Volkswagen announced its plans to accelerate e-mobility by targeting global EV sales volume of 150,000 cars in 2020 and increase it to more than a million by 2025. But the plan clearly shows how difficult it is for deep-pocketed automakers like Volkswagen to catch up with Tesla on the EV front.
“As early as 2020 we intend to sell 150,000 e-cars, of which 100,000 will be the ID. and ID. SUV,” says Thomas Ulbrich, Member of the Volkswagen Brand Board of Management, E-Mobility division. “Speeding up the shift to e-mobility will help us to meet the extremely ambitious CO2 targets that have been set in Europe, China and the USA.” – VW
In the first three-quarters of the current fiscal Tesla has delivered 154,220 (Model S/3/X) units worldwide and the electric car maker looks all set to more than double its 2017 sales of 103K units.

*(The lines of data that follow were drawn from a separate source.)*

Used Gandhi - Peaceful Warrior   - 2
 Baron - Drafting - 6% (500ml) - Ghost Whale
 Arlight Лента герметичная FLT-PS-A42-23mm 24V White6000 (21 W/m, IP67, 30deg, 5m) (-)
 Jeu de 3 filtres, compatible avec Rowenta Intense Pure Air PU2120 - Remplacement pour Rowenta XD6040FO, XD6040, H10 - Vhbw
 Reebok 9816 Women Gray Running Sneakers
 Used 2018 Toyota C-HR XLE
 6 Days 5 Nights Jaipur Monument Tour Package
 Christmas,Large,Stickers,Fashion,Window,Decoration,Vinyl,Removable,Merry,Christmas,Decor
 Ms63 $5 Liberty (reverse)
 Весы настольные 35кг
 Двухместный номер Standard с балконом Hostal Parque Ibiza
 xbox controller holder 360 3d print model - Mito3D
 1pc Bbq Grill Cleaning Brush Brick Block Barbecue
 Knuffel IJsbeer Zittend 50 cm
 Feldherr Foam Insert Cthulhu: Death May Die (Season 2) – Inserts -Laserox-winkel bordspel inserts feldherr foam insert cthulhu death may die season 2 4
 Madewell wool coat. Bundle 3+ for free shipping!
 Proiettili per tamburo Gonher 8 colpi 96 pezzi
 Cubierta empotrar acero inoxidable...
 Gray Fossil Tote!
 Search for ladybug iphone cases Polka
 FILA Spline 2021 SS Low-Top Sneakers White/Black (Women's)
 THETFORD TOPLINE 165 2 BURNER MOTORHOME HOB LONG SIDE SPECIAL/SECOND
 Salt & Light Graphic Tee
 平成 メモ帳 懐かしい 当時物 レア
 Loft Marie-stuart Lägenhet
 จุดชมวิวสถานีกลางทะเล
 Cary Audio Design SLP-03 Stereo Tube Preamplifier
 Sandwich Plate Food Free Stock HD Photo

If Tesla becomes cash flow positive, it will allow the company to attract investments for its planned China Gigafactory which has the potential to take Tesla’s global production capacity closer to a million units by 2020.
Tesla invested billions of dollars to build Gigafactory and its auto plant in Fremont. Though large automakers have access to vast sums of money, selling EV’s will remain a loss-making proposition for them until production reaches scale.
For public auto companies, it’s a difficult pill to swallow as their electric cars will most certainly cannibalize sales of ICE cars.
Hence they prefer to take a slow and steady approach to increase their EV penetration, allowing more time for Tesla to cement its lead in the EV space.